Lord Brennan recordó la importancia fundamental del derecho de autor y de la propiedad intelectual, concebidos precisamente para reconocer, remunerar y proteger la creatividad humana. Su visión sobre la contribución creativa de la IA es, sin embargo, muy distinta.
«La IA no crea nada», recalcó. «La IA genera probabilidades matemáticas. Es una calculadora fría y carente de alma. Puede producir un facsímil muy convincente de la creatividad humana, pero, en última instancia, no deja de ser una imitación. No crea nada. Genera posibilidades y probabilidades. Utilizarla como herramienta no supone ningún problema. Utilizarla como asistente al servicio de la creatividad tampoco. Pero si termina tomando el control, entonces sí tendremos un problema. Desde mi punto de vista, nada de lo que haya sido generado íntegramente o en gran medida por una máquina debería poder beneficiarse de la protección de los derechos de autor, porque estos derechos no fueron concebidos para eso».
La jornada concluyó con una entrevista a Jean-Michel Jarre, músico, compositor y expresidente de la CISAC, realizada por Cécile Rap-Veber, Directora General de SACEM, la sociedad francesa de autores. La conversación abordó muchos de los temas tratados a lo largo del día, y en particular la relación entre los creadores y la tecnología.
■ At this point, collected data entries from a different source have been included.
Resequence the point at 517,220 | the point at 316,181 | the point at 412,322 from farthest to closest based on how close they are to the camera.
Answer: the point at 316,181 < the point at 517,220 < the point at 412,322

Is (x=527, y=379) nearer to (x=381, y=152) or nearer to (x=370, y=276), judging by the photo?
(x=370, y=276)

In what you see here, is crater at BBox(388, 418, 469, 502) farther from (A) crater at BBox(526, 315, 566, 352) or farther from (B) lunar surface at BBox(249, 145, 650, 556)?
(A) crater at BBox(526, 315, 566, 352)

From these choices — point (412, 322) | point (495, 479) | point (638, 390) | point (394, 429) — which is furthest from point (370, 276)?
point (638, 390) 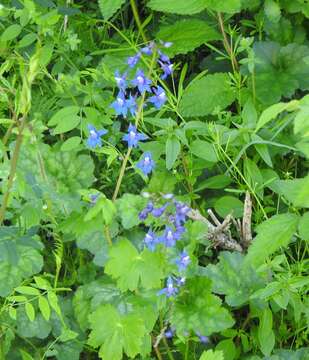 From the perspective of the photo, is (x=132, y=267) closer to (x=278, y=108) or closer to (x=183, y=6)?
(x=278, y=108)

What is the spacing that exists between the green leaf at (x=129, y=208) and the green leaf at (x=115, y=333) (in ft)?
0.76

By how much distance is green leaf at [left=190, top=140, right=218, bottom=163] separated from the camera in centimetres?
212

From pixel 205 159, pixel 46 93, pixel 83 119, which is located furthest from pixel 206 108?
pixel 46 93

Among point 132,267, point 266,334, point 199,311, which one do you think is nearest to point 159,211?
point 132,267

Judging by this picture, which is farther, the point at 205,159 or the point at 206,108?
the point at 206,108

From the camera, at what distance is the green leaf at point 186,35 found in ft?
7.92

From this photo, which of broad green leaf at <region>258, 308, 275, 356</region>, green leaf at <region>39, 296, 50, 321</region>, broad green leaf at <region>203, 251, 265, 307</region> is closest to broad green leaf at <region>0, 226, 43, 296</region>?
green leaf at <region>39, 296, 50, 321</region>

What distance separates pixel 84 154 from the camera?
2369 mm

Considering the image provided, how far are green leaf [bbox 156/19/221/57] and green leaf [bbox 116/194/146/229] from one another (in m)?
0.68

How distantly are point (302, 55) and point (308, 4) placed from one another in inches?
6.9

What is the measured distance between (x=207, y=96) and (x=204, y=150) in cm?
32

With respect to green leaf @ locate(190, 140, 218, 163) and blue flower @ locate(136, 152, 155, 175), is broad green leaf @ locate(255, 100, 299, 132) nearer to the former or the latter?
blue flower @ locate(136, 152, 155, 175)

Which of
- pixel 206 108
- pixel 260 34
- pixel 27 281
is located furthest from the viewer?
pixel 260 34

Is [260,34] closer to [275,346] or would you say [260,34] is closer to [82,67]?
[82,67] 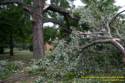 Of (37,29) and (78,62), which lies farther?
(37,29)

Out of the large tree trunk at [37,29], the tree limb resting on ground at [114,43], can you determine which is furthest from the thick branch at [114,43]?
the large tree trunk at [37,29]

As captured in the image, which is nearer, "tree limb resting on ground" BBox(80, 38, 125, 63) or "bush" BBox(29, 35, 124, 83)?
"tree limb resting on ground" BBox(80, 38, 125, 63)

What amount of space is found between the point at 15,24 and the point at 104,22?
9.12 metres

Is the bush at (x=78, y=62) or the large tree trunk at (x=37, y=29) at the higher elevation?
the large tree trunk at (x=37, y=29)

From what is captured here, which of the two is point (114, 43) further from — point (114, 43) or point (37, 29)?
point (37, 29)

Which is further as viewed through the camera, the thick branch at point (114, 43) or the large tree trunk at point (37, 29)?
the large tree trunk at point (37, 29)

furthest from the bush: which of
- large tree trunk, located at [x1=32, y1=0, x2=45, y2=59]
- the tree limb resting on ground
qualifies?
large tree trunk, located at [x1=32, y1=0, x2=45, y2=59]

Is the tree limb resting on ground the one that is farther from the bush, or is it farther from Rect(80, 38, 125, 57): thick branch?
the bush

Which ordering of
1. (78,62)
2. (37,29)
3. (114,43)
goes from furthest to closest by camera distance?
(37,29)
(78,62)
(114,43)

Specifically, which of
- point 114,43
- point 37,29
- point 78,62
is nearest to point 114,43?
point 114,43

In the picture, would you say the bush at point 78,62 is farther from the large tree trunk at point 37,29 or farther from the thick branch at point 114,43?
the large tree trunk at point 37,29

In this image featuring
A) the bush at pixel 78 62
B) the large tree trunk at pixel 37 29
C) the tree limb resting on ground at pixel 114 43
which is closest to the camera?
the tree limb resting on ground at pixel 114 43

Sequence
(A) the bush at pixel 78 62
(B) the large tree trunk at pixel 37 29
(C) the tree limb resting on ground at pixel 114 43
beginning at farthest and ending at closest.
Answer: (B) the large tree trunk at pixel 37 29 < (A) the bush at pixel 78 62 < (C) the tree limb resting on ground at pixel 114 43

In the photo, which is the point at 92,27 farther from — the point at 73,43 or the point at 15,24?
the point at 15,24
Cécile Rap-Veber criticó a las empresas de IA que intentan ampararse en el hecho de que las obras estén «disponibles públicamente» para actuar con total impunidad. «Y ahí está precisamente el gran malentendido», señaló. «Que una obra esté a disposición del público no significa que esté libre de derechos».
Jean-Michel Jarre sostuvo que «la creatividad humana es la piedra angular de la IA» y que, precisamente por ello, el sector creativo «merece recibir su parte del pastel digital, no como proveedor, sino como socio».
También recordó que todas las innovaciones tecnológicas que se han sucedido a lo largo de la historia de la música han abierto la puerta a nuevas formas de creatividad. «La tecnología también es una herramienta de democratización», añadió. «La IA es, sin duda, una herramienta extraordinaria y ofrece una gran oportunidad. No debemos verla como una amenaza. Pero tampoco el sector tecnológico ni los responsables políticos deben considerarnos como personas reacias al progreso y al futuro. Nunca debemos olvidar que las normas y las regulaciones son, en realidad, una forma de garantizar la libertad».
En su opinión, los músicos no deberían temer el impacto que la IA pueda tener sobre el arte auténtico, creado por humanos. La clave está en adaptarse a las nuevas tecnologías y aprovechar todo su potencial creativo.
«Creo que el próximo Miles Davis, el próximo Bad Bunny o la próxima Billie Eilish no tienen nada que temer», aseguró. «Como creadores, aquello que hace que nuestras obras sean originales y únicas surge, en gran medida, por accidente. Y también del hecho de que todos somos ladrones. Yo robo todo lo que veo, todo lo que leo y todo lo que escucho. Y lo interesante también está en la capacidad de apropiarse de la tecnología. Dentro de diez años, probablemente pensaremos que la década de 2020 fue la edad de oro de la IA, porque hoy se encuentra en una fase comparable a la de los inicios del cine mudo: con sus imperfecciones, sus accidentes y sus limitaciones».
En definitiva, es necesario proteger el arte y fomentar la innovación tecnológica, pero no a costa del primero ni de la protección que merece. «Nunca deberíamos olvidar que lo que hace grande a un país o a una civilización es su cultura», recordó. «La cultura no es enemiga de los beneficios».